→ The records
···

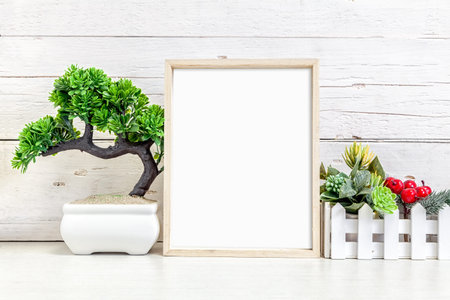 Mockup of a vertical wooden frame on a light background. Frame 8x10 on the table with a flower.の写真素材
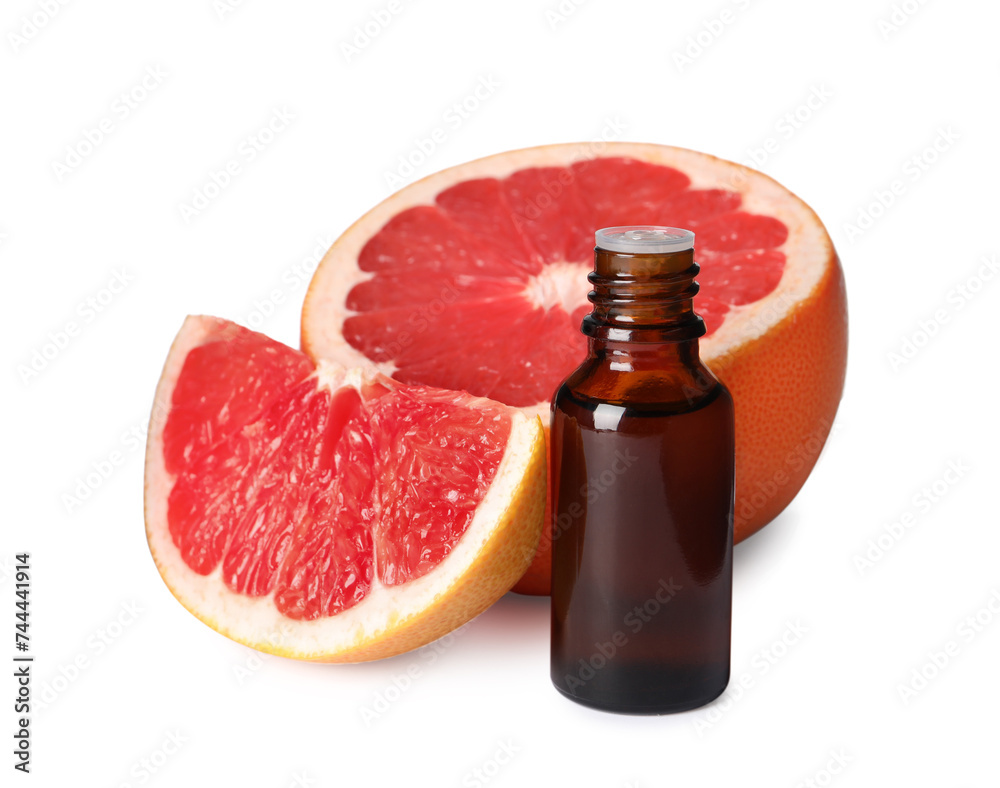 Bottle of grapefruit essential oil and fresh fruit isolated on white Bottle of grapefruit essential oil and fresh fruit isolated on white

···

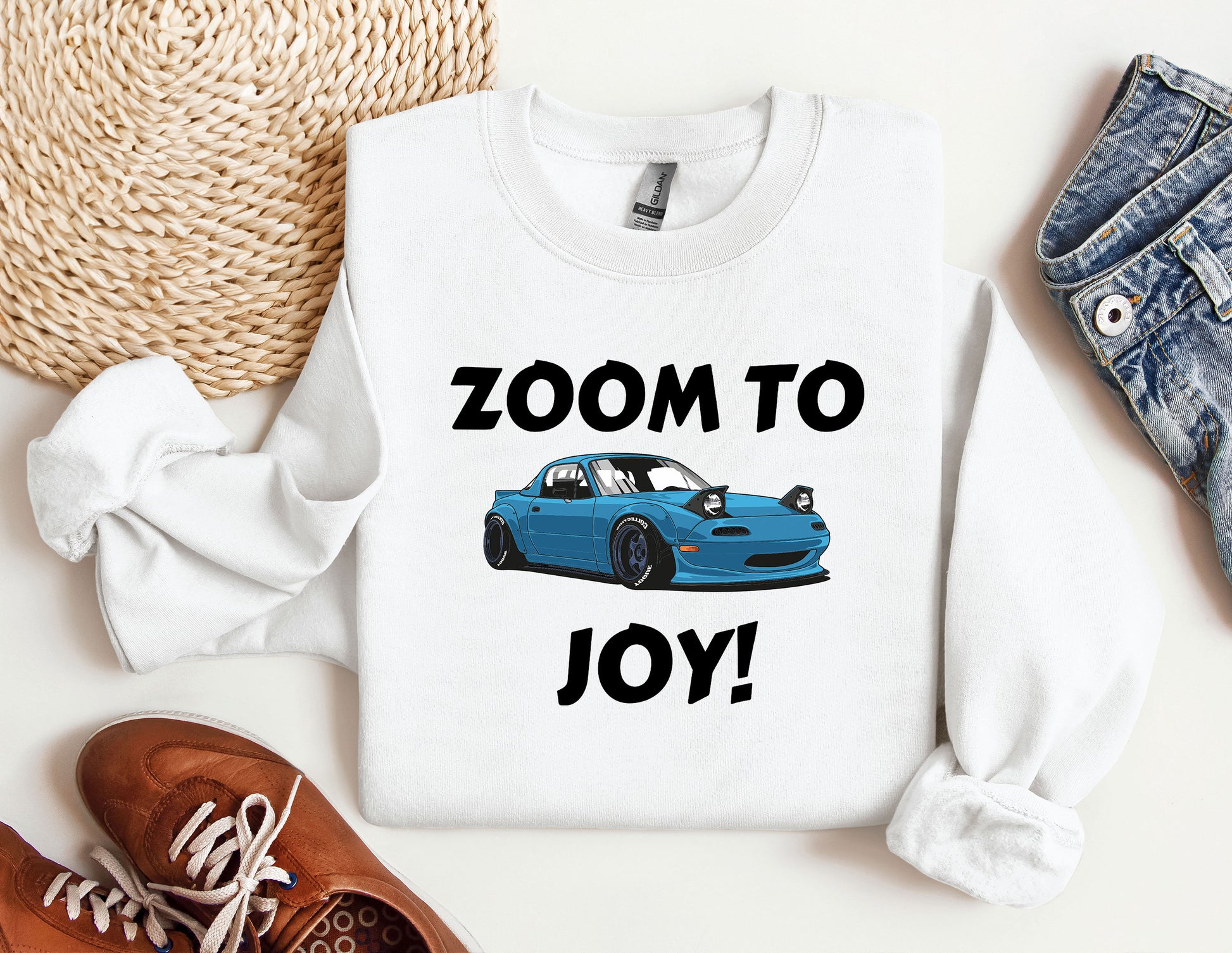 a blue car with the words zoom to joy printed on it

···

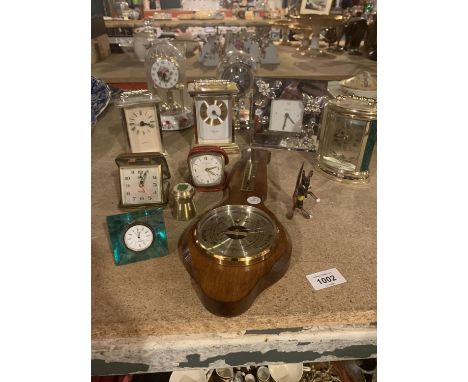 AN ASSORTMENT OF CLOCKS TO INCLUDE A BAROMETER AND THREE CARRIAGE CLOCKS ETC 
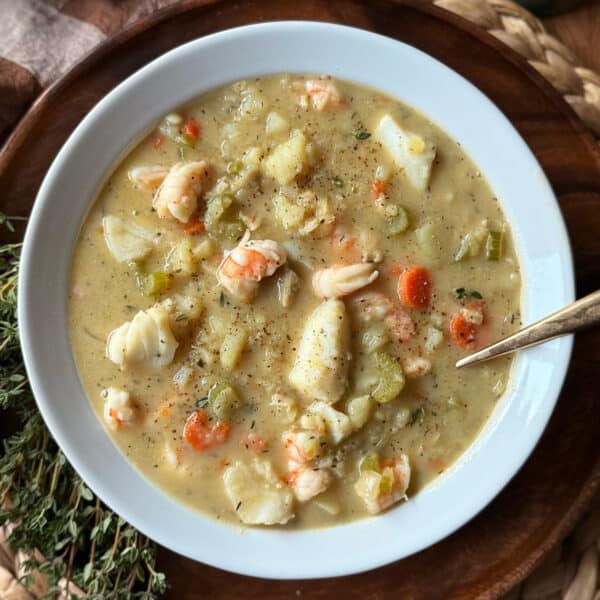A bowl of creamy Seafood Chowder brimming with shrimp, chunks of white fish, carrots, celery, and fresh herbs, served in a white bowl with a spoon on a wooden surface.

···

→ Problem requirements
Within the entries above, the lines from the one containing "AN ASSORTMENT OF" through the one containing "A bowl of creamy" are to be transcribed exactly, ends included, pictures excluded.

→ Answer to this exercise
 AN ASSORTMENT OF CLOCKS TO INCLUDE A BAROMETER AND THREE CARRIAGE CLOCKS ETC 
A bowl of creamy Seafood Chowder brimming with shrimp, chunks of white fish, carrots, celery, and fresh herbs, served in a white bowl with a spoon on a wooden surface.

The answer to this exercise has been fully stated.